Image-text web data:
☆ ☆ ☆
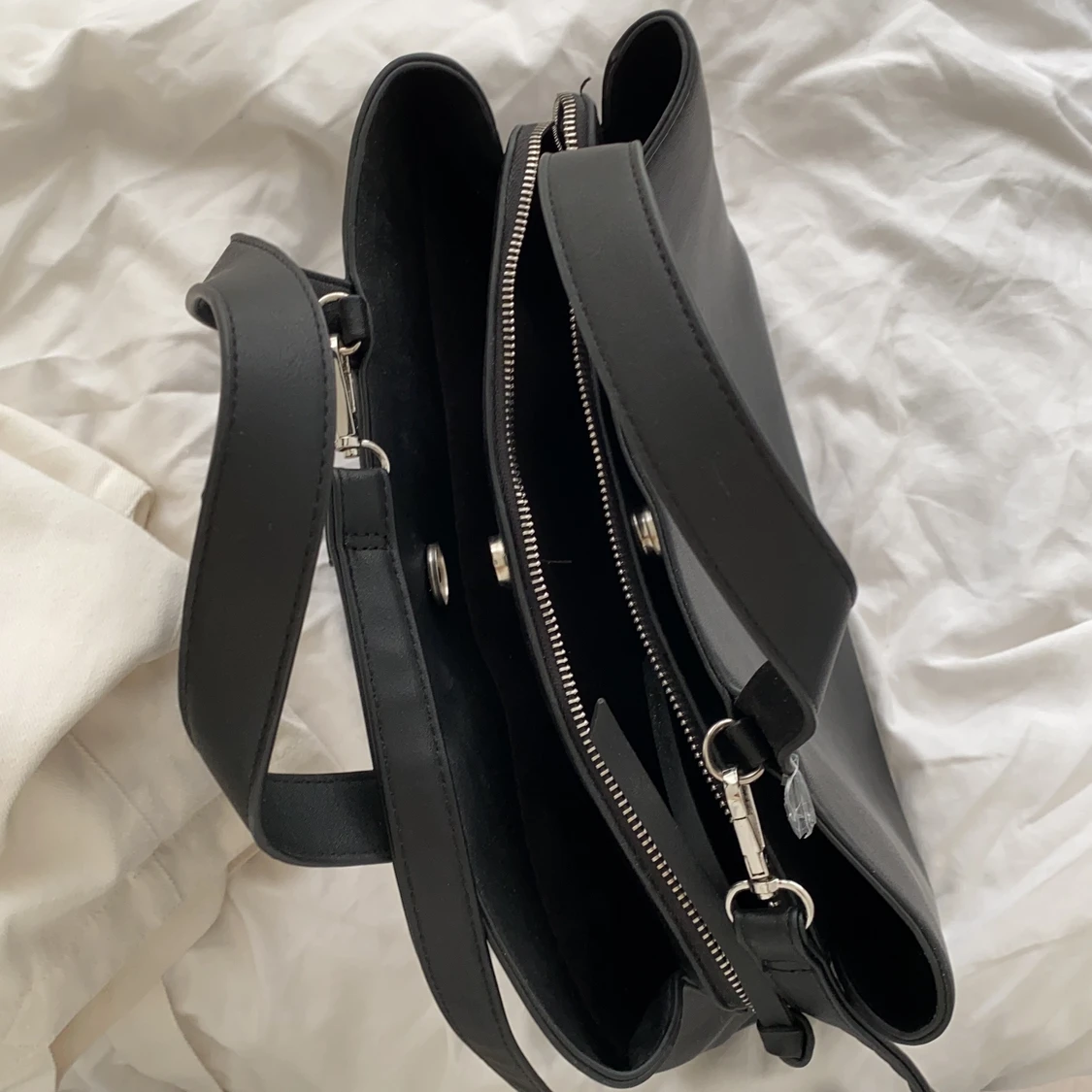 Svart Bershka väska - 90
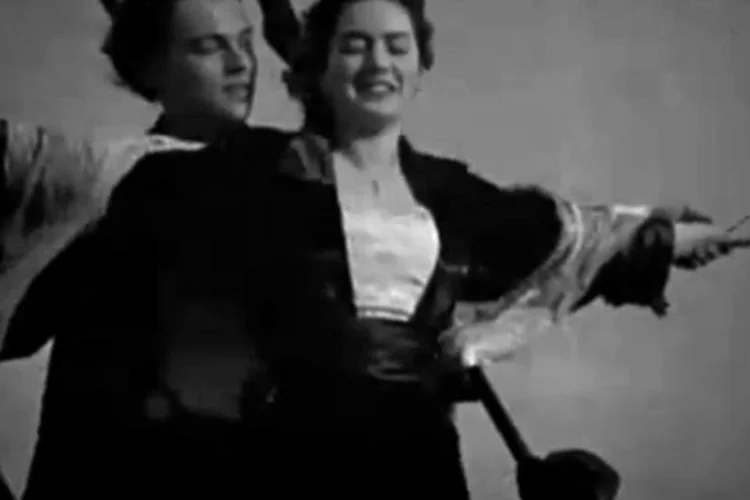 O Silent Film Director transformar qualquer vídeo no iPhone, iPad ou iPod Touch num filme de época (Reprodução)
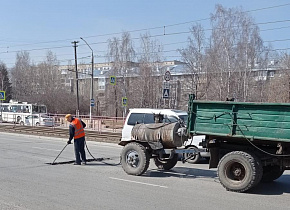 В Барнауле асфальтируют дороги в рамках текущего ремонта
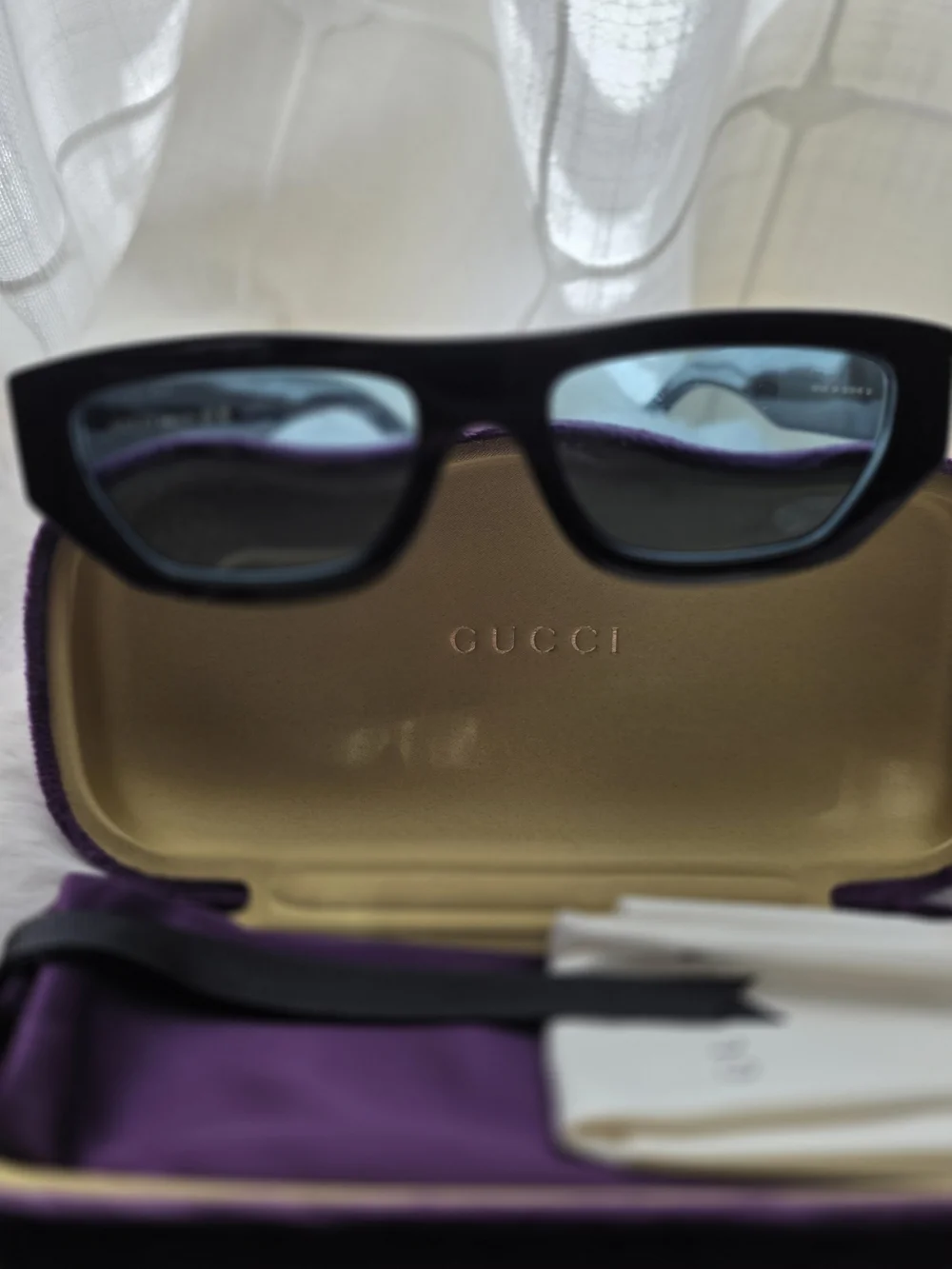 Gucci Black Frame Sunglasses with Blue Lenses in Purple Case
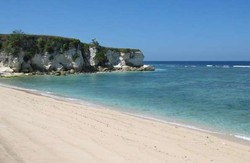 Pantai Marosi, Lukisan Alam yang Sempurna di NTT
☆ ☆ ☆
▶ [Work instructions] Repeat verbatim the range of lines that opens at the line containing "O Silent Film" and closes at the last line of the entries, excluding all pictures.

▶ [Reply]
 O Silent Film Director transformar qualquer vídeo no iPhone, iPad ou iPod Touch num filme de época (Reprodução)
 В Барнауле асфальтируют дороги в рамках текущего ремонта
 Gucci Black Frame Sunglasses with Blue Lenses in Purple Case
 Pantai Marosi, Lukisan Alam yang Sempurna di NTT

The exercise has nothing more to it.